TP:    Kirk Varnedoe, the curator at MOMA?

SHAW:  Yes.  And he talks about Art and language that I sometimes have to say, “What is he trying to say?”

TP:    He’s trying to market it and up its value and make collectors think they’re doing something daring and ahead of the curve on the ordinary person.

SHAW:  Yes.  He talks about acquiring a Matisse for the Museum of Modern Art.  You show a picture of that Matisse to most people, and they don’t know what they’re looking at.  That doesn’t mean Matisse wasn’t a good painter.  But they call it “ravishing.”  What do you mean by that?

TP:    You quit when you were 44.  Of your audience, how many appreciated you for what you were actually doing, and how many were looking at an image and not understanding anything?

SHAW:  I don’t think that was a question that occurred to me.  I wasn’t thinking in those terms.  I was thinking very privately between me and the men in the band… Like in the last group.  Hank Jones and I had a great rapport, and we did things together that felt right.  If you listen to a record called “Don’t Take Your Love From Me,” we did things on that that I don’t think you can do better.  Good record.  So you say, “Well, what can you do more?”  And at the same time, I think it’s musical.  An audience can respond to that.

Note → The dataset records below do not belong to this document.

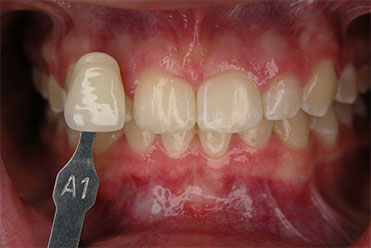 Smile Gallery - Before Teeth Whitening Sample 4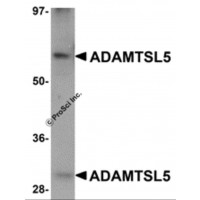 Western blot analysis of ADAMTSL5 in human skeletal muscle tissue lysate with ADAMTSL5 antibody at 1 μg/mL.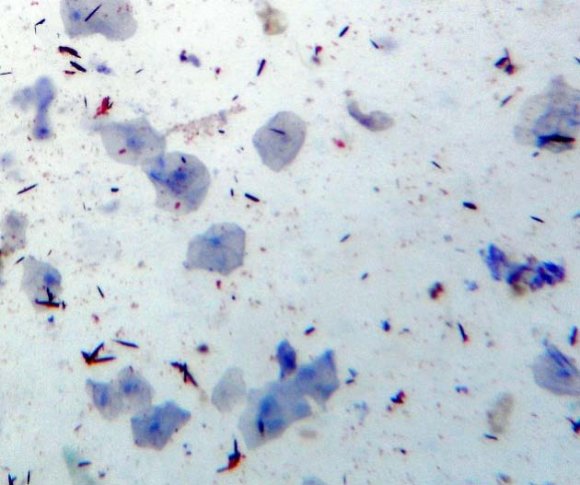 Fig. 3: Copper vessel water consumed once a day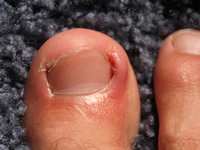 Everything You Wanted to Know About Ingrown Toenails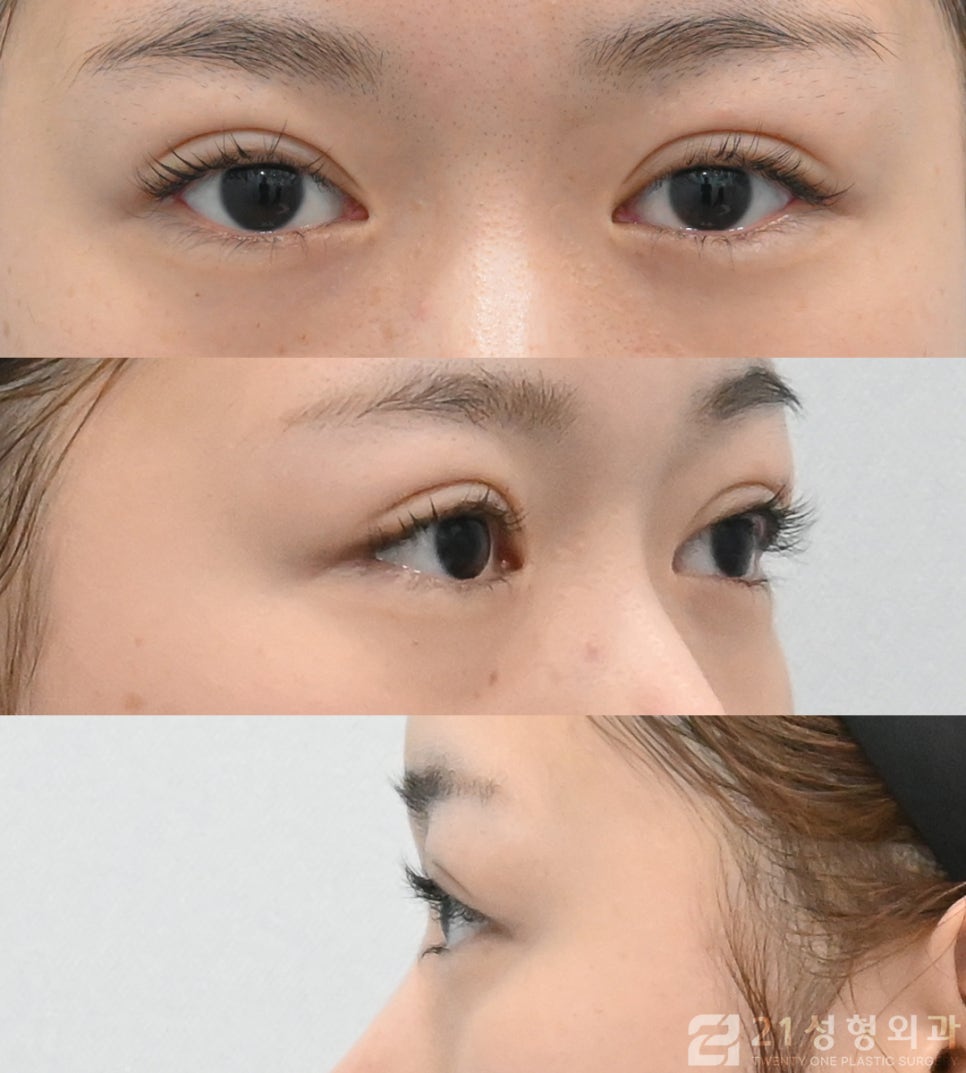 재발하기 않는 밑트임 방법 21성형외과 관련 이미지 4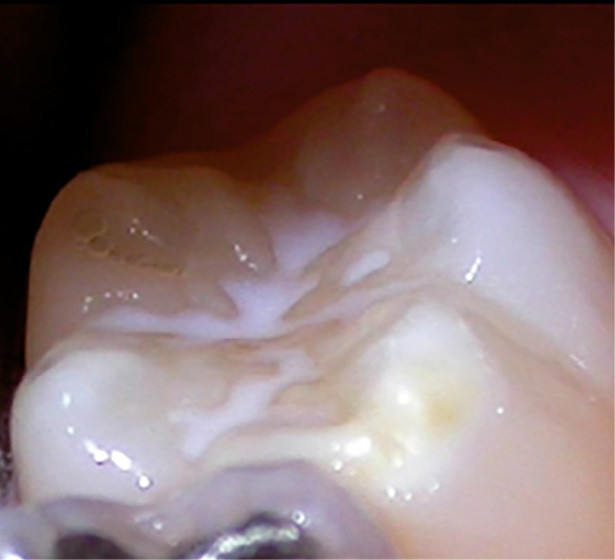 L’hypominéralisation molairesincisives MIH L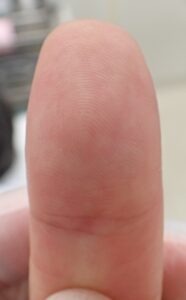 Volar view of the thumb 52 days after fingertip amputation, showing near-complete healing of the fingertip pulp with no pain using Natsui-style moist wound healing.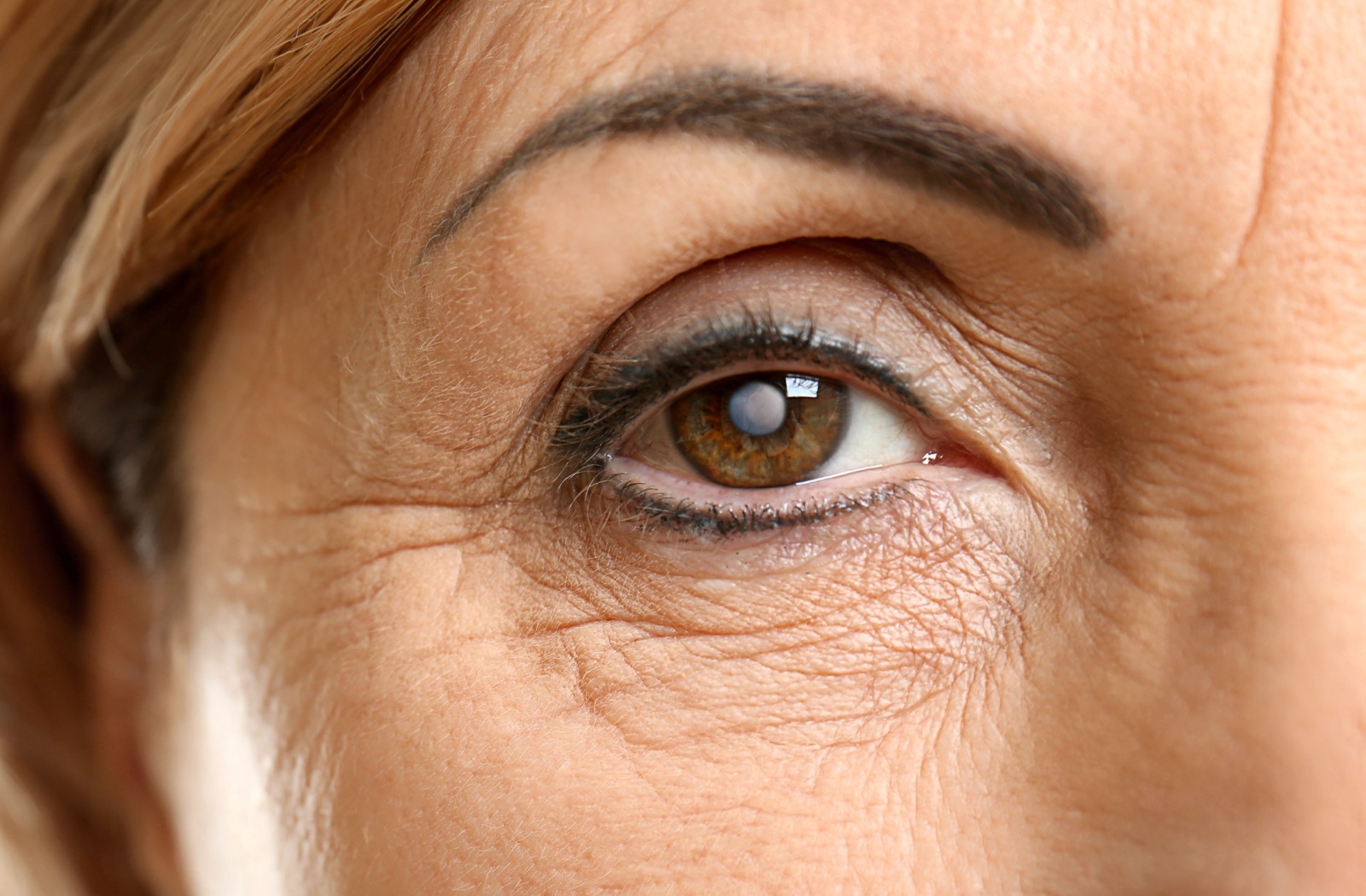 A close-up image of a senior's eye with a cataract beginning to develop.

TP:    Well, it’s a very complex life.

SHAW:  It is indeed.  So we do the best we can, that’s all, and hope for some kind of recognition.  It’s as simple as that.  The bigger the recognition, the better pay you get.  But I am no longer interested in that.  I would like to see the records go out and sell.  But if they don’t sell much, well, so be it — I did the best I could do.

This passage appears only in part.